Outra alternativa para que a Câmara possa reaver esse bem que é seu por direito é receber da prefeitura outra área em troca. O projeto de autoria da Mesa Diretora justifica que uma lei perde sua vigência por desuso, que ocorre quando não é aplicada da forma prevista e, por isso, pede a revogação da mesma. “A alienação sob forma de doação desse imóvel através da Lei 4.018 de 26 de dezembro de 2000 foi realizada com a promessa de um projeto de revitalização e, entre outras promessas, estava a adequação e modernização do imóvel e melhoria das instalações visando dar conforto aos permissionários e usuários. Essa reforma nunca foi concluída”, diz trecho da proposta.

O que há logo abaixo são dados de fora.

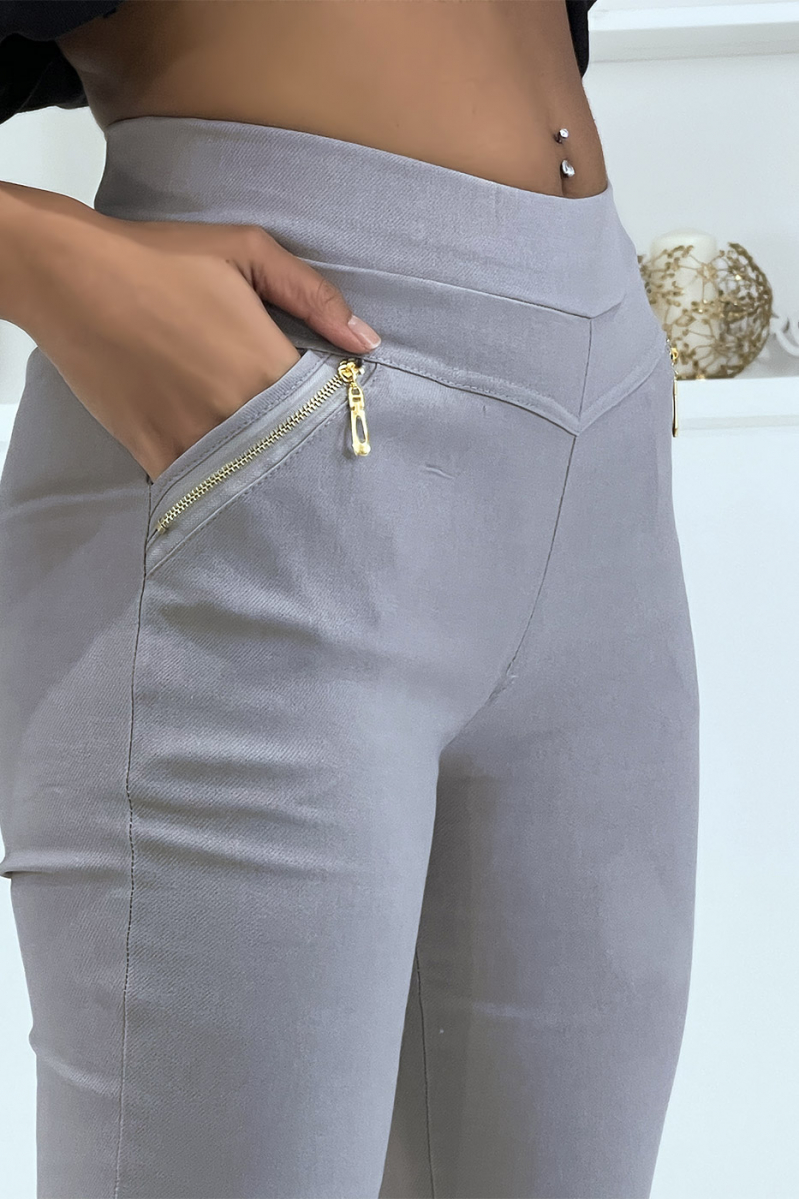 Pantalon slim strech en gris avec zip poches zip - 4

O projeto obteve parecer favorável das comissões de Constituição, Justiça e Redação e da de Economia e Finanças da Câmara. Porém, administração municipal alega que não houve nenhum encargo ou termo que tenha condicionado a doação, classificada de pura e simples. “O projeto fere o ordenamento jurídico pátrio no que tange a doação pura e simples, quando busca a reversão ao patrimônio do doador, reversão essa que só existe nos casos de doação com encargo. Assim, é ilegal uma reversão onde o que se prepondera é a liberdade do doador”, argumenta o prefeito Wilson Santos em mensagem encaminhada à Câmara na última terça.

Abandono

O local encontra-se em situação de total abandono e, por causa disso, os comerciantes se mostram indignados. Durante reunião com o vereador Sérgio Cintra (PDT) no mês passado, o presidente da Associação dos Comerciantes do Mercado Municipal, Sebastião Luciano Freitas de Paula, cobrou melhorias e atenção do poder público para com o mercado. Uma das sugestões dadas por Cintra foi a construção de um espaço popular de lazer e cultura. “A ideia é construir um local semelhante à praça popular que hoje é um espaço valorizado, mas com estrutura como banheiros, variedades de compras e lazer”, disse.